Portanto, essa é uma questão de tempo, porque a
economia acaba prevalecendo sobre a política. E é isso que o governo brasileiro
tem de peitar: que as coisas se resolvam como têm de ser resolvidas. Porque
ninguém consegue mudar uma vida. A geografia é destino. Assim como a história é
razão, a geografia é destino. O Chile está destinado a compor a América do Sul,
porque geograficamente está na América do Sul, nunca vai se compor com a
América do Norte. Não se discute.
O governo Lula caminha agora para o seu segundo
mandato, com um crescimento médio do PIB (Produto Interno Bruto) em torno de
3,0%. É possível um crescimento econômico compatível com as dimensões e as
necessidades do país, tendo em conta a atual política econômica?
Nós temos que olhar o Brasil pelo próximo meio
século.

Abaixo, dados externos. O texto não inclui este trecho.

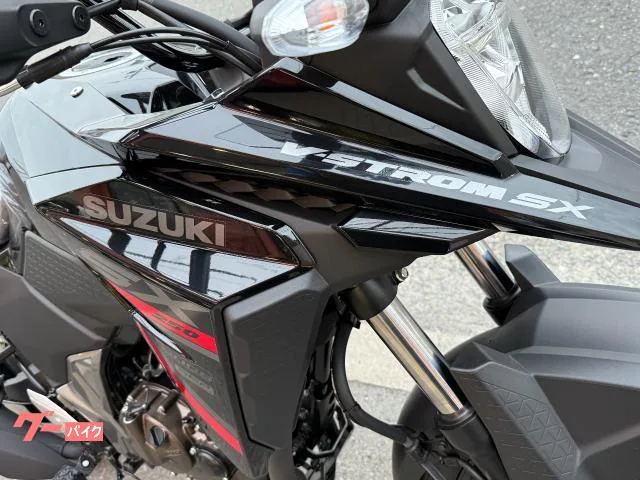 Suzuki V- 250SX 2026 2026 — миниатюра 3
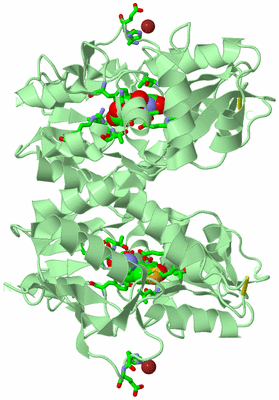 Image Biol. Unit 1 - sites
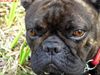 Französische Bulldogge Foto: Kopfstudie (ID 45347) Französische Bulldogge Hund
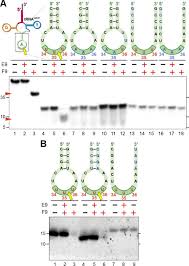 random primed dna labeling kit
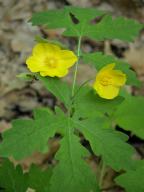 Celandine Poppy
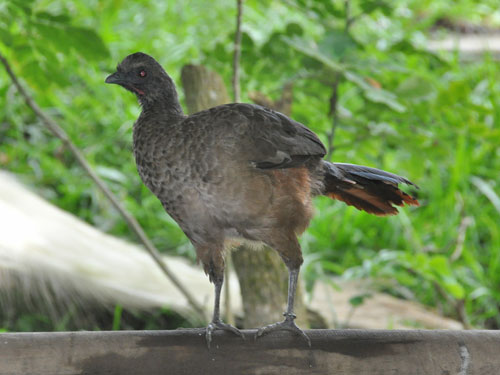 Colombian chachalaca / Ortalis columbiana at Bioparque Ukumari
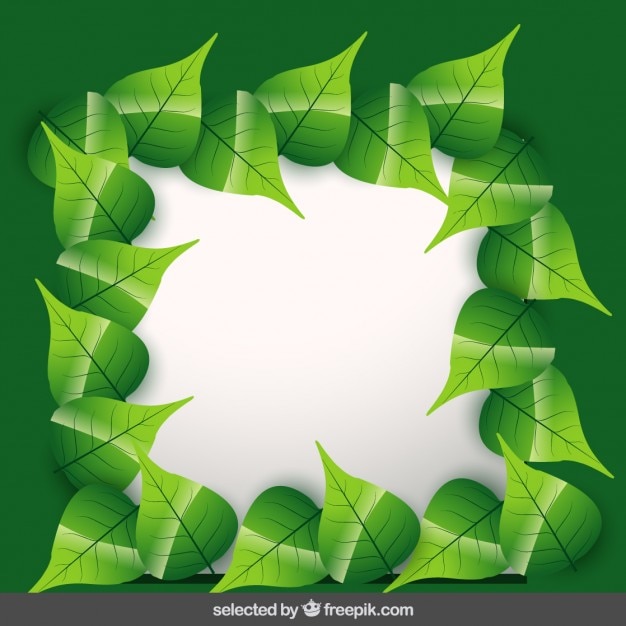 Free vector frame surrounded with leaves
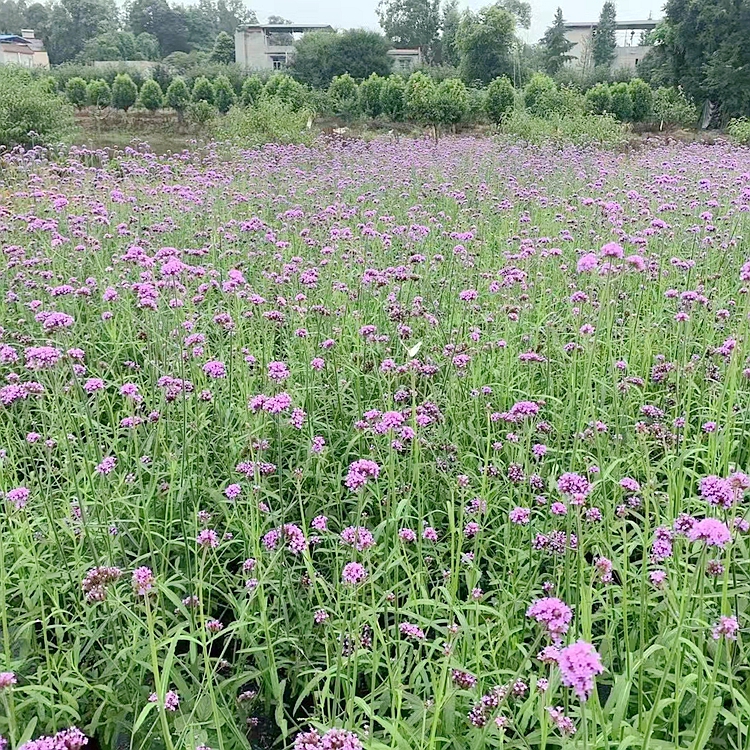 成都马鞭草基地 成都苗木批发 草花地被 成都花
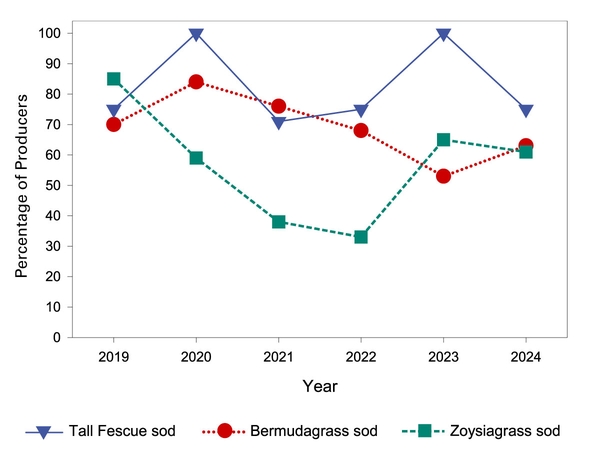 Graph showing stable supplies of tall fescue, bermudagrass, and zoysiagrass from 2019 to 2024.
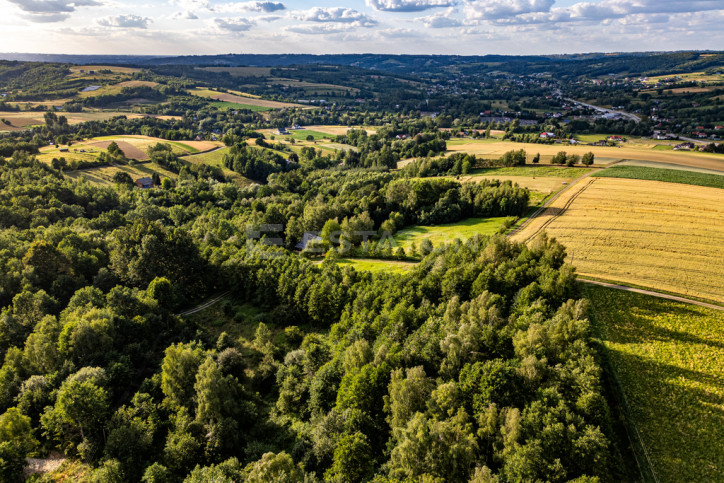 Działka Sprzedaż Nowy Borek 11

E olhando o Brasil pelo próximo meio século não existe país com
potencial para crescer tanto no mundo como ele. As pessoas falam na China, mas
ela tem alguns problemas que nós não temos. Nós precisamos entender o seguinte:
crescer pressupõe acrescentar e envolver para dar à população usufruto da
capacidade. Então, nós temos que desenvolver o país. Crescer 3,5% não quer
dizer muita coisa porque nós muitas vezes esquecemos o denominador da fração:
considerar as pessoas. O relevante no processo é que as pessoas cresçam. Para
mim, esse deve ser o objetivo do governo: fazer com que as pessoas evoluam,
cresçam, tenham capacidade de se sentirem melhor. E isso depende da renda,
evidentemente. É preciso distribuir renda e é preciso crescer.
A propósito, o Brasil cresceu 7% durante 50 anos e
o Banco Central apareceu nos últimos 16 anos. E ele tinha uma função clássica,
porque o que eles chamam hoje de BC nada mais é do que o computador da moeda.
Mas a idéia de um Banco Central surge num informe que Hamilton faz ao Congresso
estadunidense em 1791. Onde não é exclusivamente função de controle da moeda,
mas, principalmente, do controle da expansão do crédito. Porque capitalismo não
é feito de sonho, mas de crédito. Se o Banco Central não dá crédito não há
capitalismo que avance. Quer dizer, se quisermos que o país cresça devemos dar
crédito. E crédito pressupõe instruir o Banco Central a cumprir as suas
funções, muito além da moeda.
E se continuar com essa política o Brasil fica subordinado
ao Banco Central; coisa inacreditável, porque, na verdade, o BC existe para
servir o Estado-nacional e não para se servir do Estado-nacional.